How Your Income and Debt Can Affect Your Refinance Application
To calculate your debt-to-income ratio, the lender will add up your monthly auto, student and personal loan payments; minimum credit card payments; and any child support or alimony payments you make. The lender will then divide your monthly debt payments by your monthly income and convert it to a percentage.
The guidelines on DTI ratios may vary somewhat from one lender to another. If your income is too low, or if you have experienced a pay cut or your hours were reduced, that may make your debt-to-income ratio too high to meet your lender’s guidelines. In that case, you may be able to qualify for a refinance by paying down your debts. A lender may allow a higher DTI in some circumstances.
Forms of Income You Can Include in Your Application
If you earn a salary or you get paid hourly, you will have to supply current pay stubs and past W-2s. If you receive income from overtime or commission, or if you have recently gotten a raise, you will have to provide supporting documentation. Other forms of income, such as Social Security payments, rental property income, investment income, alimony, royalties, foster care payments and boarder income may also be counted.
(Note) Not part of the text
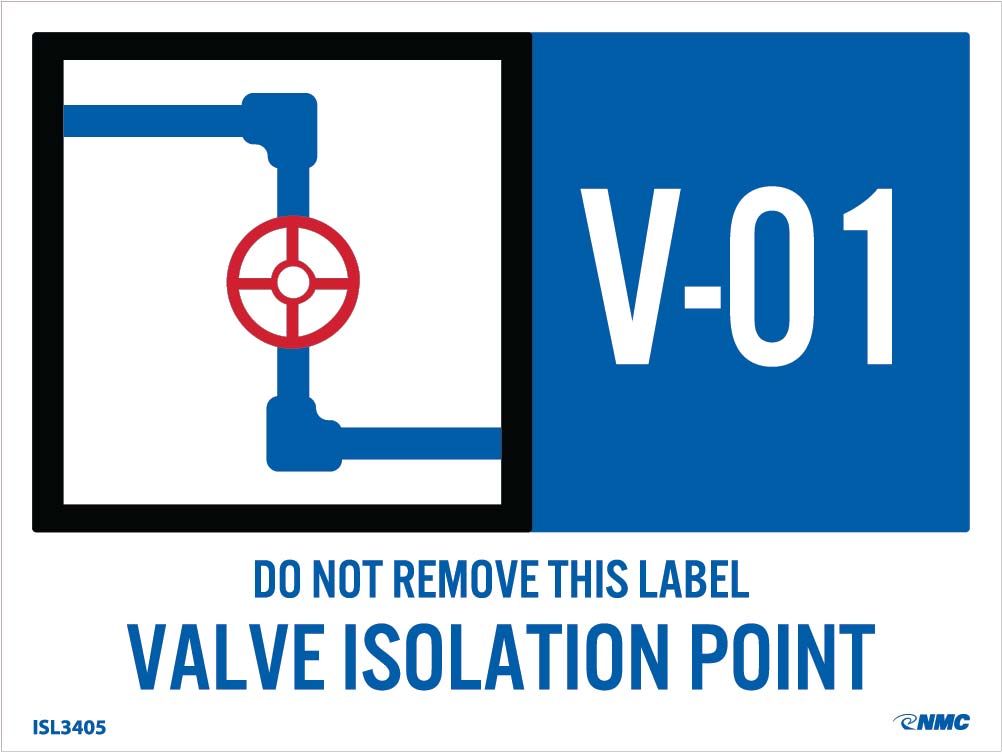 Energy Isolation, Valve Isolation Point, Labels, 3X4, Ps Vinyl, 2 Strips Of 5 Labels, Sequential Numbering 1-10, Pk10 - ISL3405-eSafety Supplies, Inc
How a Lender Will Look at Your Income and Employment
Lenders will also want to make sure that your income has been stable or rising. If your income fluctuates because a large percentage of your earnings comes from commission or because you are self-employed, a lender may approve your refinance application if your average income gives you a DTI ratio that meets the lender’s guidelines. If you are self-employed, you may need to include additional income and profit documentation with your mortgage refinance application.
For lenders, stable employment is also important. You may have difficulty qualifying for a refinance if you have had a period of unemployment or if you recently took a new job in a completely different field because things may not work out in your new line of work.
Compare Terms From Different Lenders
Lenders may look at the same numbers, but they have their own guidelines for homeowners who want to refinance. Even though one lender denied your application, another may approve it. Two lenders that approved your applications may quote you different interest rates. Shop around for the best terms available.